Ed Angela si era scommessa veramente, si dice che abbia intaccato il suo patrimonio personale per fare fronte alla campagna elettorale, poiché il suo partito aveva ancora una volta investito su altri. Eppure Angela Cavalli poteva recuperare i suoi soldi spesi per la politica, ma non lo ha fatto: nella qualità di Presidente dell’Ospedale più volte hanno tentato di passarmi le bustarelle per avvantaggiare alcuni farmaci rispetto ad altri.

Quei tentativi non solo non passavano, ma si ribaltavano negativamente su quei signori e coloro che li mandavano. Alla domanda del giornalista se ci sono personaggi che volesse ricordare, naturalmente sono Aldo Moro ed Alcide De Gasperi.

Ma sono soprattutto le giovani e i giovani che la interessano, ne coinvolge tante e tanti. Naturalmente le “tante” sono redarguite dalle famiglie preoccupate che le proprie figlie, impegnate socialmente, possano perdere occasioni di matrimonio.

Lei stessa, d’altronde, deve rassicurare il padre preoccupato per il nugolo di giovani che la circondano. Un suo discepolo di partito, Francesco Perticone, che è stato dirigente alla Provincia Regionale di Catania, ridendo, ha ricordato quando il padre di Angela, sempre attorniata da giovani uomini, la rimproverava pubblicamente dicendole: Ma dove vai con tutti sti maschi? Al che lei rispondeva: Ma non vedi che sono tutti ragazzi di prima comunione? Insomma non potevano ledere il suo onore di donna.

Lorena Testa, mia collega d‘ufficio, ricorda la signorina Cavalli, già matura negli anni, come una donna carismatica.
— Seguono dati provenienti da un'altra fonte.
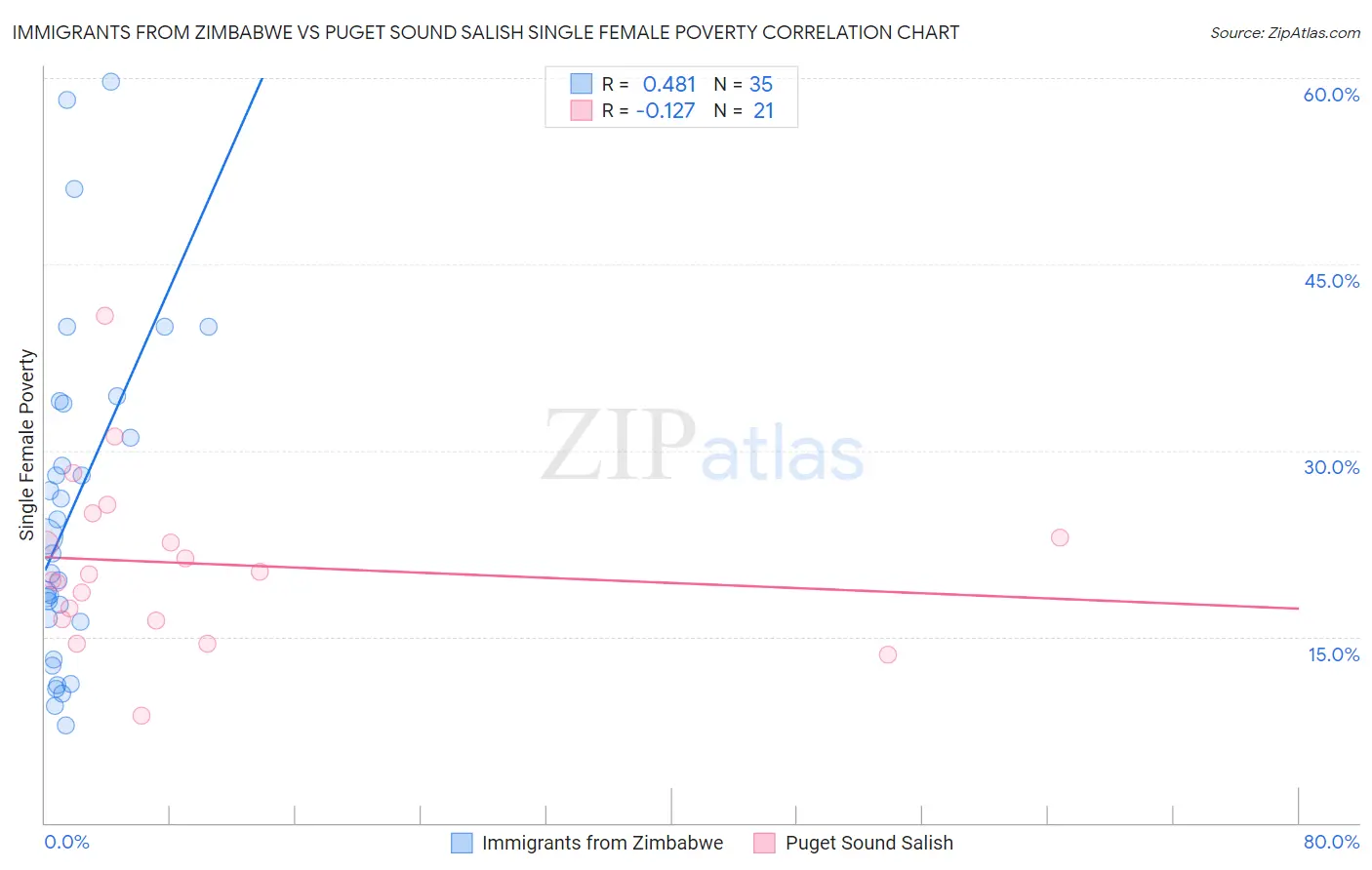 Immigrants from Zimbabwe vs Puget Sound Salish Single Female Poverty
Veniva a trovarci raramente, e per noi tutti era una festa, perché arrivava una donna speciale con cui mia suocera, Giovanna Grassi, aveva condiviso la passione politica.

Angela Cavalli non è una donna di potere, anche se forse un po’ se ne pentirà, infatti negli anni sessanta non accetta la carica di vice presidente della Provincia come ricompensa per le mancate elezioni. Forse la sua visione della politica la indusse a non accettare le cariche politiche come merce di scambio.

Se ne pentirà in seguito, perché consapevole di avere perso uno spazio istituzionale attraverso cui attuare politiche in cui credeva, per esempio la solidarietà sociale, terreno che praticò per tutta la vita.

Dalla politica non si ritirò, nonostante gli ostacoli, ma sperimentò in quel luogo un antico esercizio femminile: quello della mediazione. Non le sembrò un ripiego il fatto di aver lavorato nell’ombra allo scopo di contribuire a mantenere il partito unito ed efficiente come afferma ancora nell’intervista.

Si è visto mai, scusate se sembro di peccare di retorica, un uomo che dedica la sua vita alla politica lavorando anche nell’ombra? Difficile.

Per una donna così, allora, non è complicato essere in sintonia con le varie generazioni ma anche cogliere la propria inadeguatezza dichiarando che prova: per la prima volta una sorta di inadeguatezza verso le nuove generazioni e i tempi che cambiavano velocemente. Accoglie con favore il rinnovamento conciliare, soprattutto il rinnovamento della liturgia perché più vicina alla gente.

Si ritira dalla politica quando: “nonostante la mia buona volontà, cominciava a venire meno l’incisività della mia azione e lo stimolo al cambiamento”. Prima che lo chiedano gli altri, matura la scelta di tornare da dove è partita: alla pratica della solidarietà.

Angela infatti non si ritira a casa, anzi fa un grande e coerente atto politico, e questa volta parla alla sua generazione, fonda una “casa comune” per gli anziani, per dirla brutalmente per i vecchi, il cui ruolo si è trasformato negli ultimi decenni.

Ed ancora una volta Angela intacca il suo patrimonio di piccola proprietaria per un atto politico generoso: negli anni ottanta vende la sua casa in paese per completare la costruzione della struttura per anziani, oggi chiamata Villa S. Andrea.

Anche in questo gesto, la nostra femminista non svolge un ruolo di pura assistenza, ma pensa e realizza un progetto proiettato nel tempo, dedicato a quelli della sua generazione e ai giovani che un giorno diventeranno anziani.